You’ve likely heard experts in the agricultural industry envisioning the future of food before. Researchers are trying to grow food in space, underwater, and even in the Arctic. For example, one team is trying to grow food through floating cow farms. Yes, really. Floating agricultural farms could give us a way to fight climate change and provide urban settings with locally-grown produce. There are already real-life floating cow farms with animals that could soon be coming to a city near you.
The science and other stuff to know
The world’s population is growing at an alarming rate, and the amount of available fertile agricultural land is becoming scarce as sea levels rise and droughts become more rampant. For these reasons, floating dairy farms can prove helpful, as they can produce sustainable food to match the global demand.
Inspired by the 2012 food shortages crisis witnessed in New York following Hurricane Sandy, Peter van Wingerden and his wife proposed installing a sustainable daily farm that floats on the sea. They named it Floating Farm.
This farm is structured to follow circular design principles.
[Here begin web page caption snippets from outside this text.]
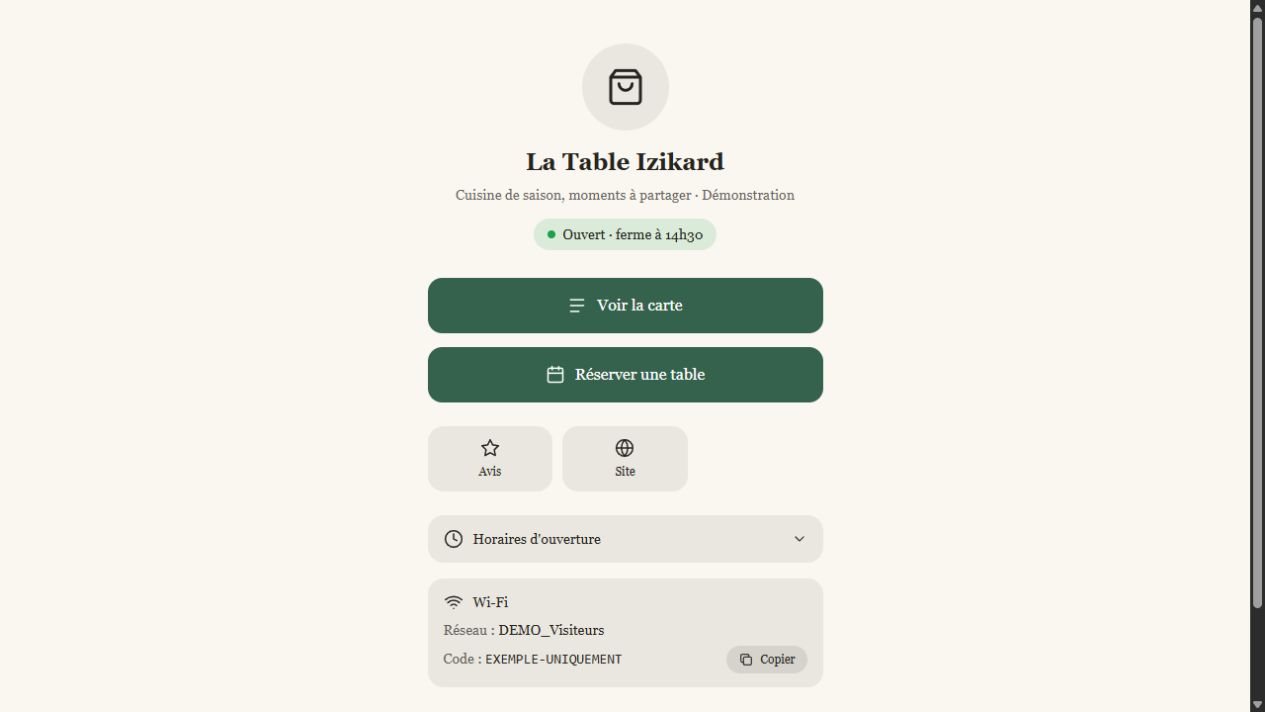 Page IZIRESTO de démonstration : menu, réservation, avis, horaires et Wi-Fi invité.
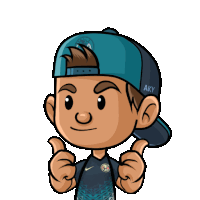 a boy wearing a hat that says aky on it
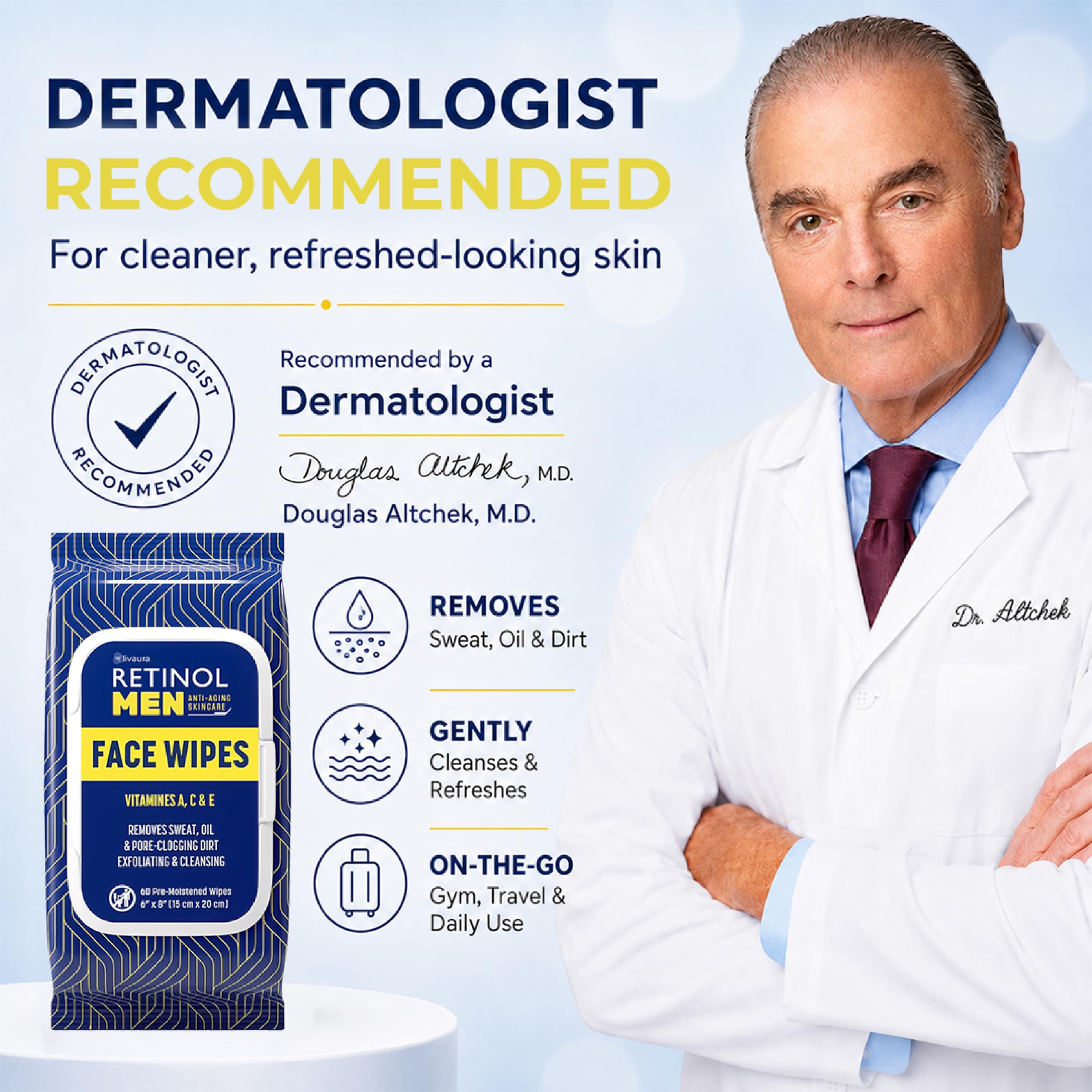 LIVAURA Retinol Men Facial Wipes Anti-Aging Cleansing Towelettes - Szybko Oczyszczają Twarz Z Potu, Oleju I Brudu Zatykającego Pory Bez Żadnych Ciężkich Pozostałości (60 Sztuk (1 Opakowanie))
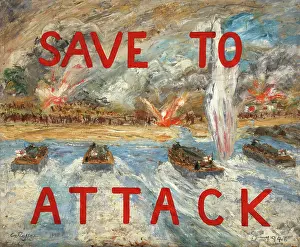 Explosion Prints: 'Save to attack', 1943. Creators: Unknown, Central Office of Information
It generates its own electricity from floating solar panels and provides fresh water to cows through an integrated rainwater collection and purification system.
Cows in the Floating Farm are fed with grass from local soccer fields, potato peels discarded by the french fry industry, and leftover bran from windmills. Their manure is used to create natural fertilizer. The farm also utilizes robots for automated milking, feeding, and data tracking.
In countries or cities where land is in short supply, floating farms make perfect sense, as they bring a new kind of urban smart farming that’s self-sufficient and sustainable. The idea is to give urban settings the ability to feed themselves. This feature makes them less reliant on costly transportation links, which produce harmful emissions and are increasingly vulnerable to disruption due to natural disasters and increasing international tensions.
Floating farms are also excellent ways to cut down on costs, time, and energy to deliver agricultural produce to urban areas, especially in cities that abut oceans, ports, rivers, or lakes. And in a massive storm or hurricane, these farms can easily be moved to new locations with minimal cost.
Located in Merwehaven, Rotterdam, Netherlands, the Floating Farm is aimed to encourage people to think about the possibilities of floating buildings. It has even inspired the Wingerdens to install a floating chicken farm and greenhouse.
While floating farms aren’t full-proof answers to the changes inflicted by the global climate crisis, they show how sustainable agriculture can have less impact on resources and the environment. Many cities, such as Singapore, are adopting this new farming technique.